═════ Source material ═════
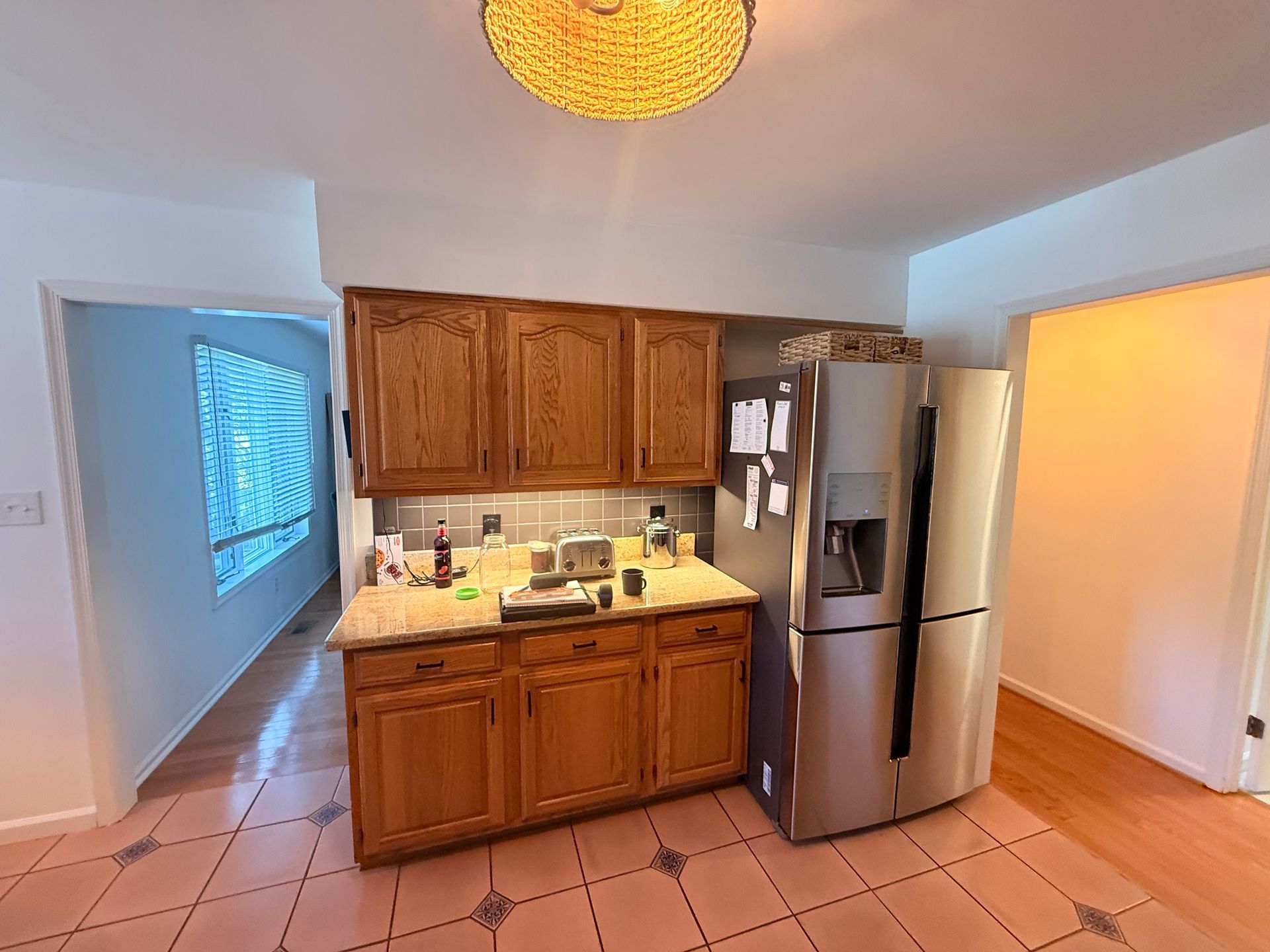 Kitchen with wooden cabinets, stainless steel refrigerator, and tile floor.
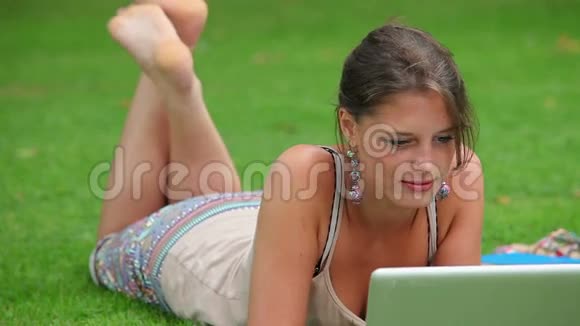 快乐的学生躺在草地上用笔记本电脑视频的预览图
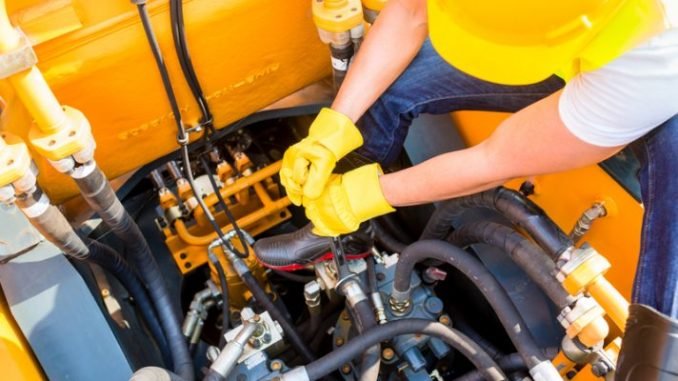A person wearing yellow gloves and a yellow hard hat working on a yellow industrial machine or vehicle engine with various pipes and hoses.
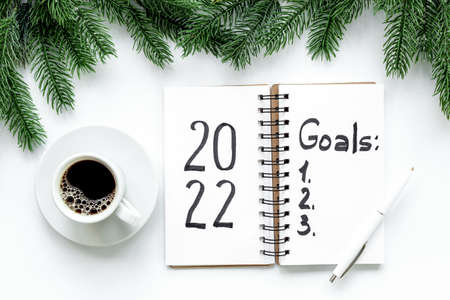 Goals 2022 - New Year plan, text in notebook. Top view, flat layの写真素材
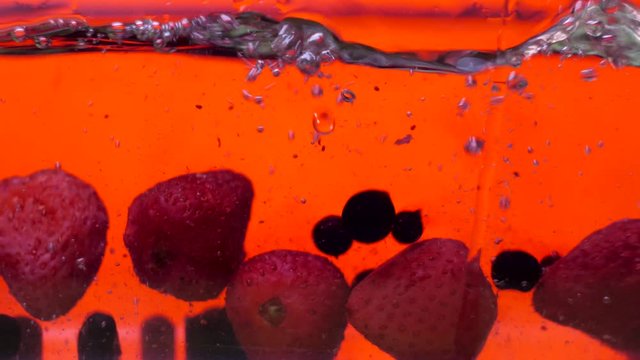 Strawberries and blueberries falling into the water container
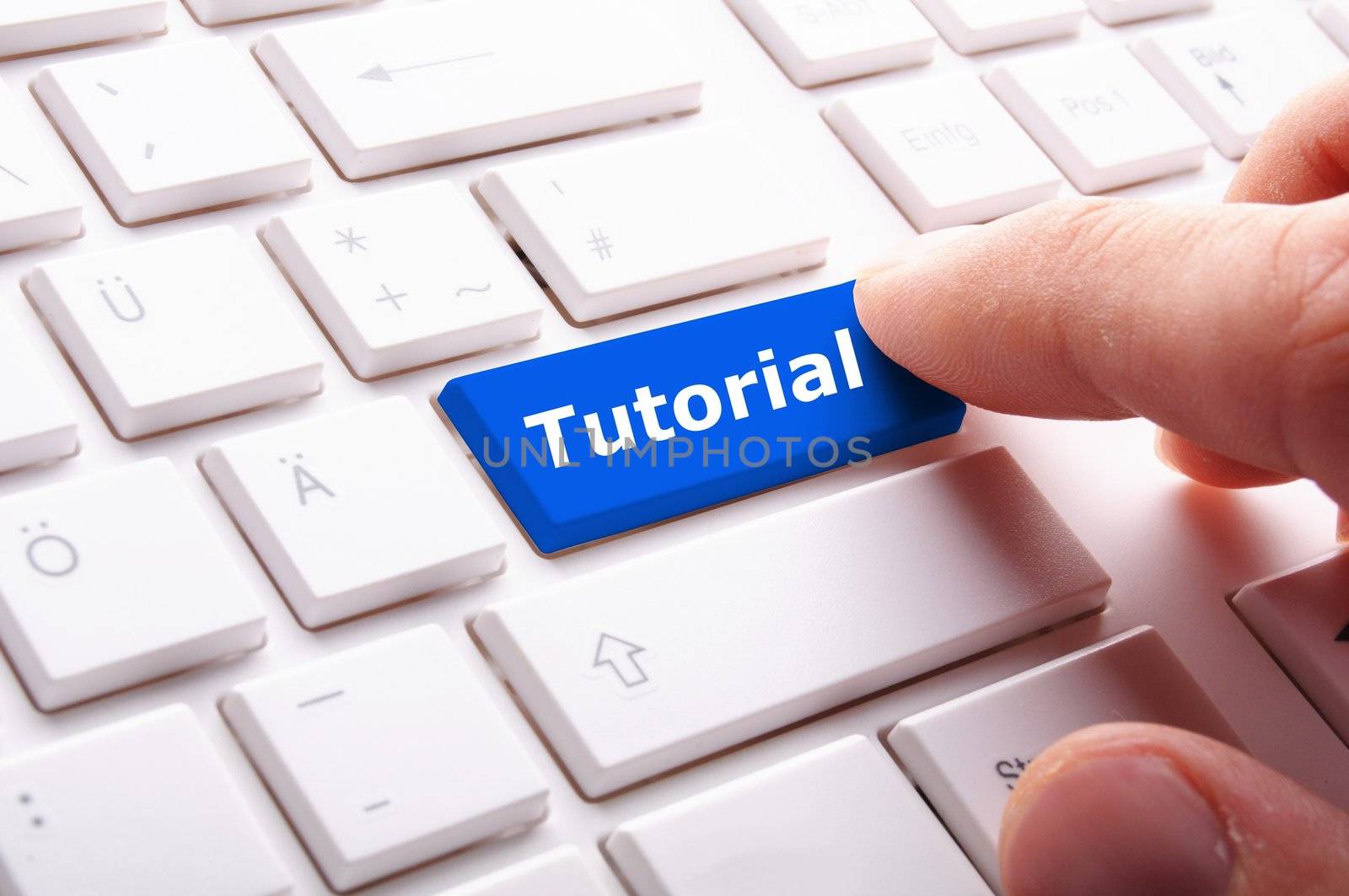 tutorial or e learning concept with key on computer keyboard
═════
• [Exercise requirements]:
Go back to the records above and write them out exactly, without the pictures.

• [Output for this task]:
 Kitchen with wooden cabinets, stainless steel refrigerator, and tile floor.
 快乐的学生躺在草地上用笔记本电脑视频的预览图
A person wearing yellow gloves and a yellow hard hat working on a yellow industrial machine or vehicle engine with various pipes and hoses.
 Goals 2022 - New Year plan, text in notebook. Top view, flat layの写真素材
 Strawberries and blueberries falling into the water container
 tutorial or e learning concept with key on computer keyboard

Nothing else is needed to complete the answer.